How to complete this task - From the records below, output exactly the lines starting at the line with "Canadian WWI general" and ending at the line with "Modern vector template", both of them included, but no pictures.

Records shown -
Content starts

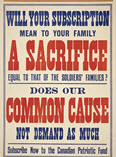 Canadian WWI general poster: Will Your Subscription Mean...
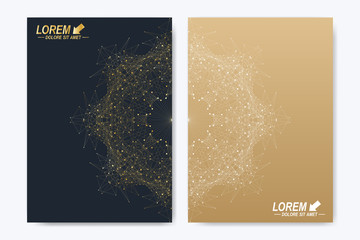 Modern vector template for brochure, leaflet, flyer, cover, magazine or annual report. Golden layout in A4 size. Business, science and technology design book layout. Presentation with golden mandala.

Content ends
Content starts

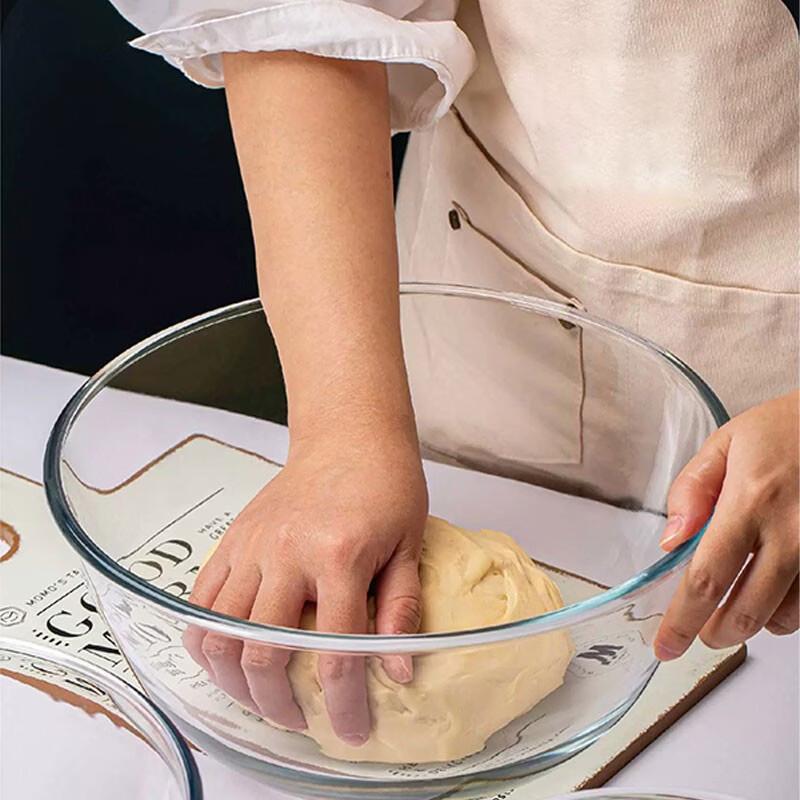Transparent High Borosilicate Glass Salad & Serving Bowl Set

Content ends

Answer section -
 Canadian WWI general poster: Will Your Subscription Mean...
 Modern vector template for brochure, leaflet, flyer, cover, magazine or annual report. Golden layout in A4 size. Business, science and technology design book layout. Presentation with golden mandala.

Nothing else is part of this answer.